Charles Debussy – Voiles (Préludes – Book I) (1909)

“By using the word ‘nocturne’ I wished to indicate an artistic interest alone, divesting the picture of any outside anecdotal interest… A nocturne is an arrangement of line, form and colour first.”

(J.A.M. Whistler, quoted in Dorment and MacDonald, p.122)
Nocturne: Blue and Gold – Old Battersea Bridge c.1872-5 James Abbott McNeill Whistler 1834-1903 Presented by the Art Fund 1905 http://www.tate.org.uk/art/work/N01959

Whistler’s Nocturne: Blue and Gold – Old Battersea Bridge for me mirrors many of the emotions of Debussy’s Voiles: Préludes – Book I. Both have a creeping sense of isolation and displacement. Whistler’s lone figure on a jetty hangs silhouetted before a mirror of the sky, with no clear destination – suspended in space and time. It could be night, it could be morning; a city waking among the debris of its last revelers or lighting up for a night of modern entertainment. Similarly, Voiles loops perfectly, its meanderings mapping no clear path or trajectory, a sensory experience suspended – a rejection of narrative and chronology, of music as a translation of story.

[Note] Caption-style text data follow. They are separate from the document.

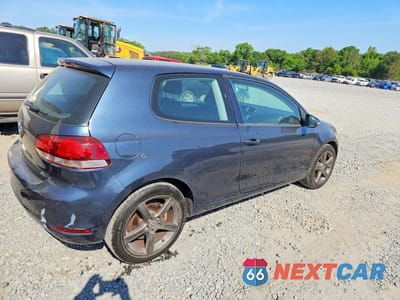 Trzecie zdjęcie samochodu z tyłu: 2010 VOLKSWAGEN GOLF VIN:WVWBA7AJ7AW189637 - miniatura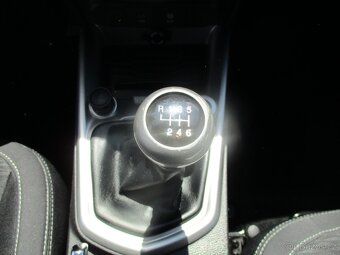 SSANGYONG TIVOLI 1,6e-XDi kamera ESP 2019 - 11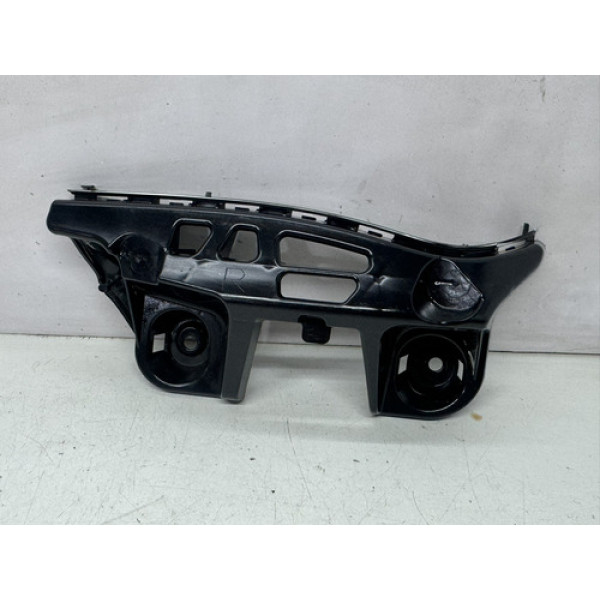 Guia Direito Parachoque Traseiro Mercedes Cla Ate 2018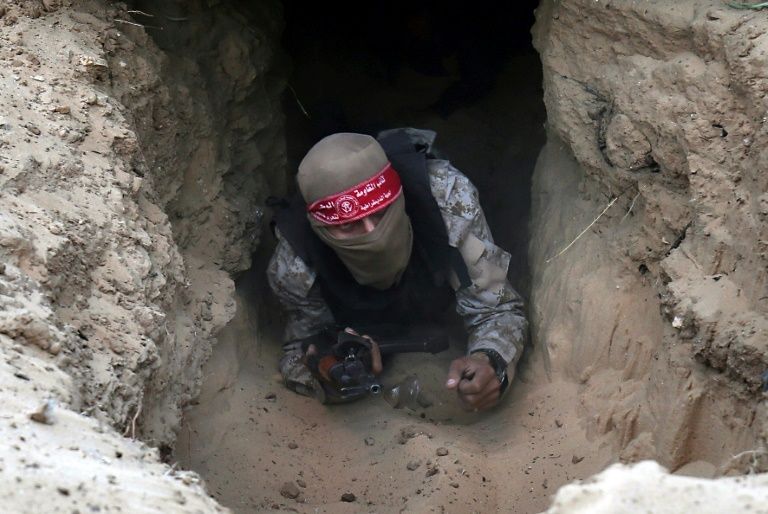 Un miliciano palestino en un túnel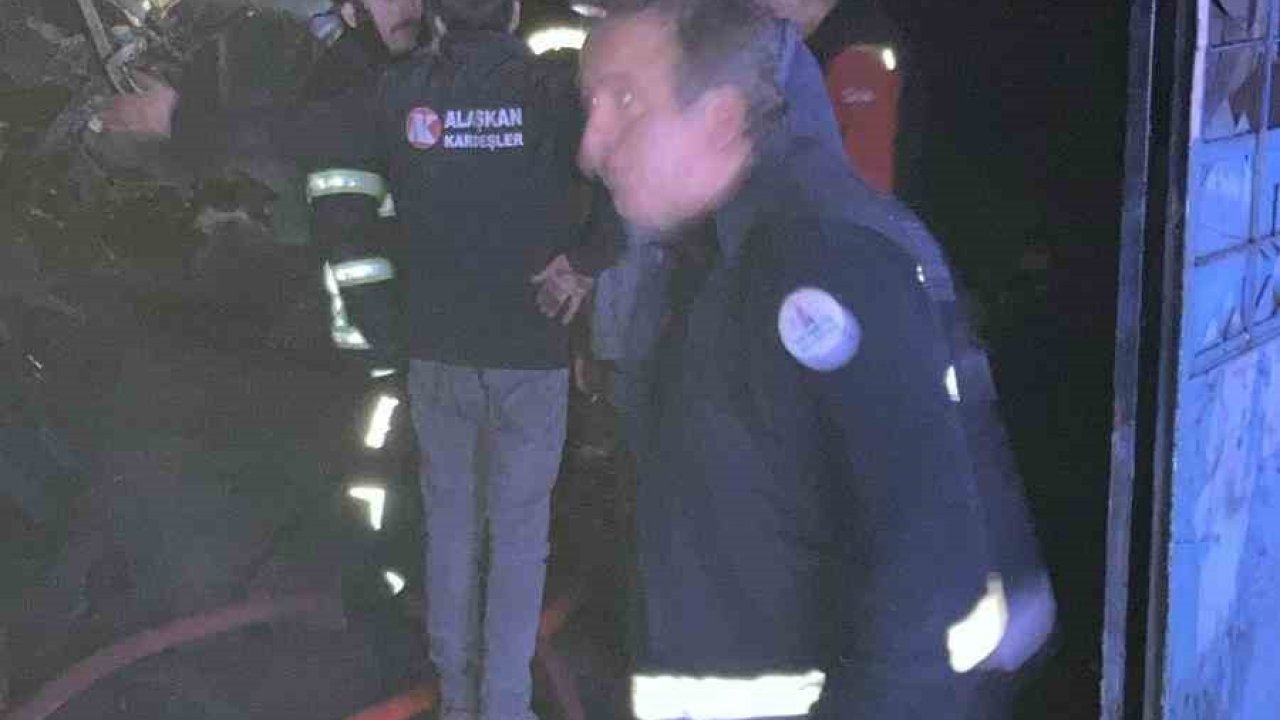 Oto döşeme dükkanı çıkan yangında küle döndü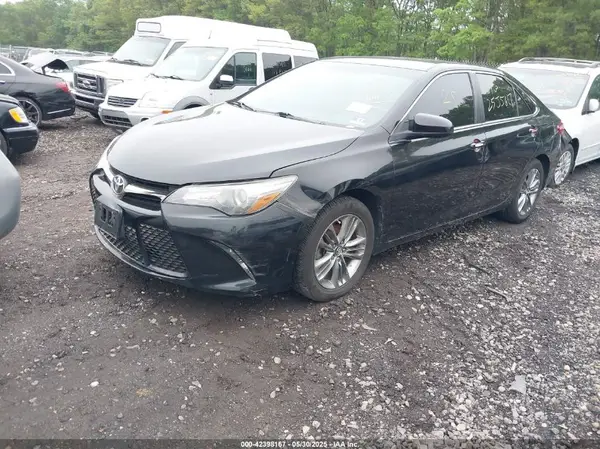4T1BF1FK2HU419182 2017 TOYOTA CAMRY - Image 2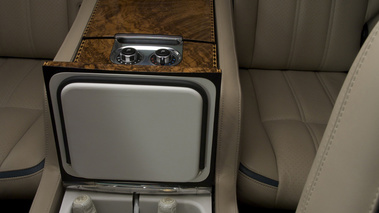 Range Rover Holland&Holland by Overfinch frigo et champagne arrière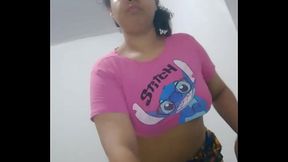 JOGANDO A BUCETINHA NO RITMO DO FUNK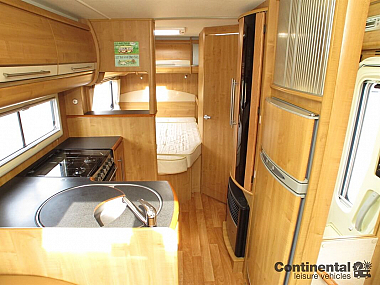  2010-autotrail-dakota-for-sale-ros266-25.jpg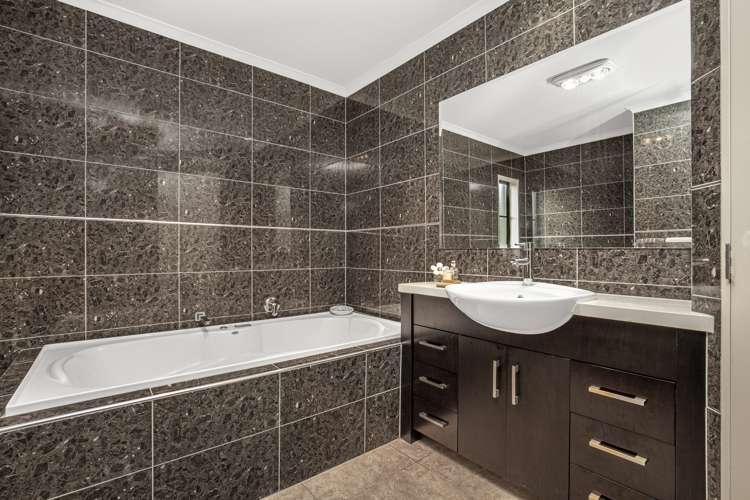 224 Alec Craig Way Gulf Harbour_18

These suspensions exacerbate the profound sense of distance found in both pieces. Whistler’s distant quay and buildings are foggy, the length of the bridge is unsettling in its unmoored height, and the painting’s bottom edge ends in murky water, leaving the viewer with no foreground within which to stabilize their observation. Profound gaps of negative, or flattened, space intersperse the painting, creating an intensely geometrically fragmented landscape. In a similar sense, Debussy’s Voiles revels in gaps and silences, echoing reverberations and sudden crescendoes just as quickly left adrift, isolated and fragmented. Both pieces also show a flair for the alienated, the mechanized natural, the transient – standard tropes of modernism emerging across the arts at this time period within increasingly industrialized cities at the turn of the century.

“I did not intend to paint a portrait of the bridge… My whole scheme was only to bring about a certain harmony of colour.”

(J.A.M. Whistler, quoted in Dorment and MacDonald, p.131).

Jay Castro, History and American Studies double major, CC ‘ 20.